This result also corroborates the length effect on intonation peaks in both read-aloud and in spontaneous Estonian (see Asu, Lippus, Sahkai, and Salveste (2017) and Asu et al. (2016), respectively). In Asu et al. (2016), the length effect occurred in the prosodic chunks that were defined by the presence of a prosodic break (i.e., hesitation, pause, segmental lengthening). In their study, the relationship between the utterance content and prosodic chunking was left open. In the current study, an utterance is defined by its content. The initial boundary is determined with reference to agent of the action, and the final boundary necessarily includes the reference to the patient. Despite being relatively fluent, these content-driven utterances were separated into several prosodic chunks (see Figure 3 in Section 2.5). The fact that the higher intonation peaks still occurred in longer utterances indicates that the length-dependent scaling of utterance-initial intonation peaks generalizes over multi-chunk utterances, suggesting a strong presence of intonation planning in Estonian. Further studies are necessary to scrutinize the cross-linguistic generalization of this finding.
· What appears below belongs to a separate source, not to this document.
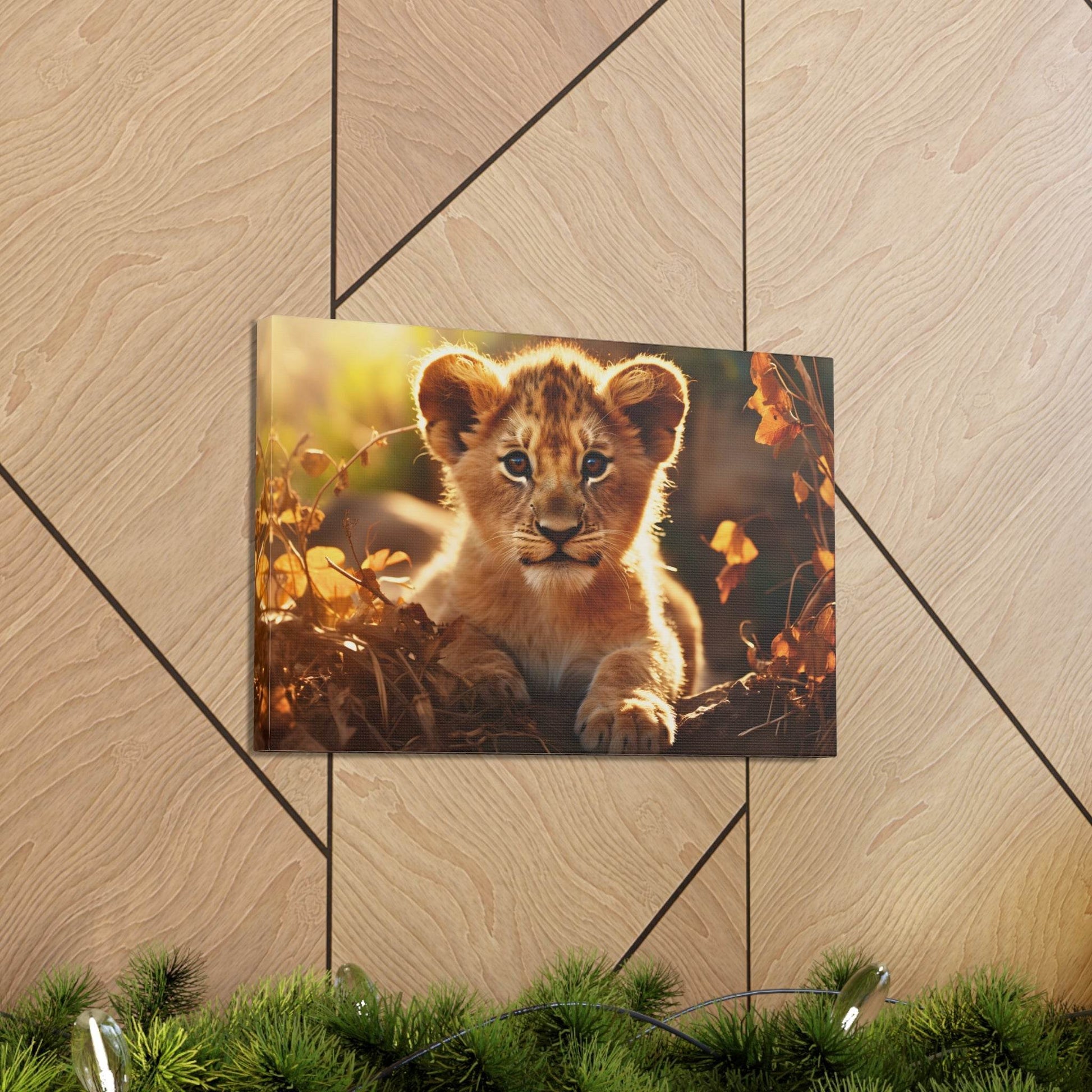 Baby Lion Cub Print Animal Nature Art Safari Nursery Canvas Gallery Wraps Baby Lion Print Large Canvas Art Animal Wall Art Lover Gift - Giftsmojo
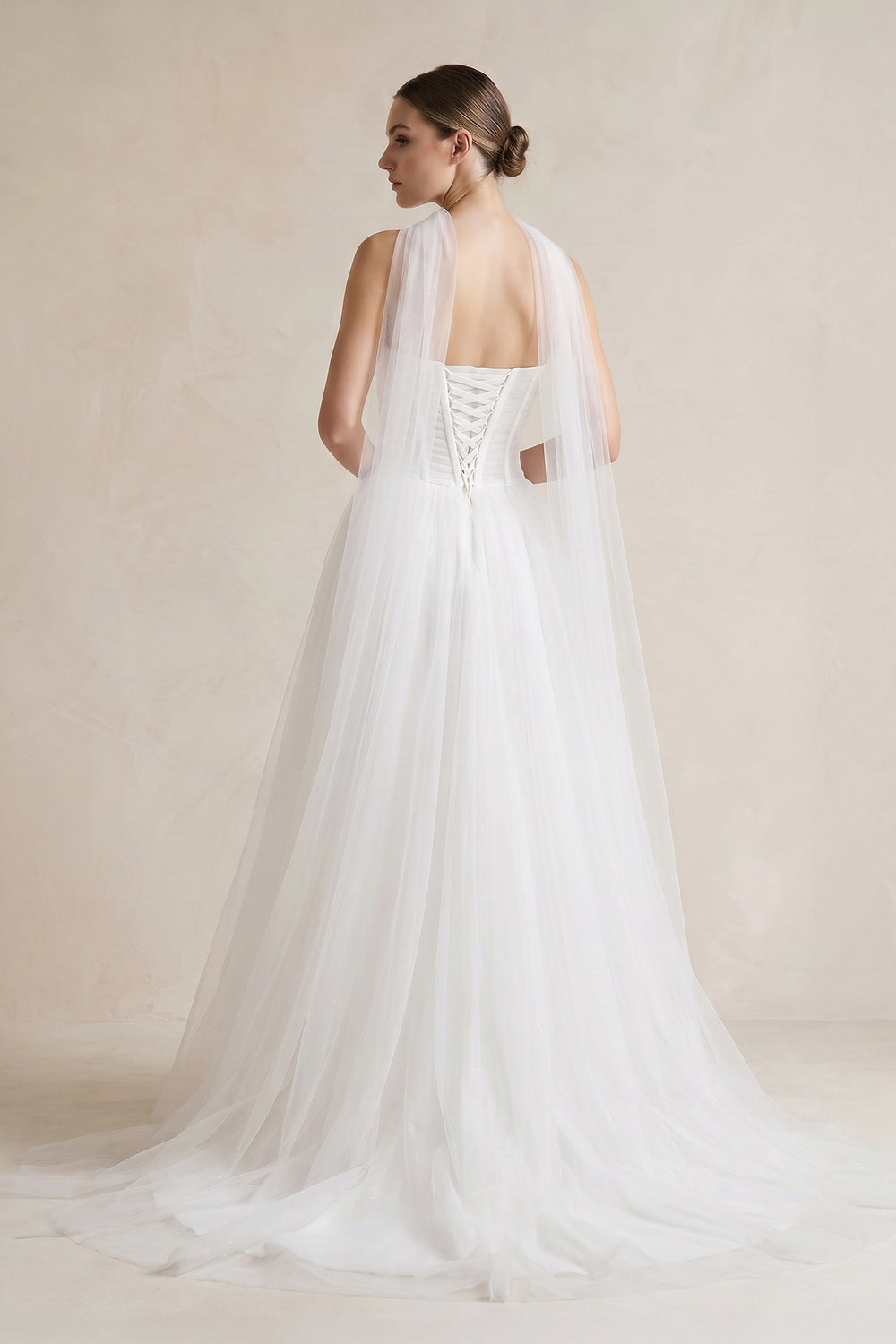 Strapless Chiffon A - Line Pleated Scarf Wedding Dress in Ivory - KissProm Wedding Dresses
When replicated, the finding on length-dependent scaling of sentence-initial intonation peaks clearly constitutes compelling evidence against incremental planning of sentence prosody (Levelt, 1989; Levelt et al., 1999), possibly not only for Estonian but also for other languages. In his sketch for connected speech, Levelt (1989) argues that intonational parameters can be set with a minimum lookahead of one word, and a prosodic break is proposed to be the main vehicle to enable incrementality in intonation planning. The model proposes that the declination trend, of which the parameter of sentence-initial intonation peak is a part, is rather a consequence of running out of breath or dropping the voice pitch too rapidly. In these difficult cases of intonating, a speaker can opt for the break option at any time and at the end of the last articulated word at the latest. Thus, the production of prosodic breaks in Levelt (1989) is entirely an incremental strategy, and this has been implemented to argue against a number of prosodic phenomena that have been suggested to require some lookahead during speech production (e.g., stress clash in English and final lengthening). With respect to this notion of incremental planning of sentence prosody in connected speech, the current study raises a highly intriguing question. Namely, if a prosodic break enables an option to delay sentence planning or to avoid an inconveniently low level of voice pitch, why is the parameter for sentence-initial intonation peaks still set with reference to the length of incipient utterances, that is, with a lookahead of a whole utterance?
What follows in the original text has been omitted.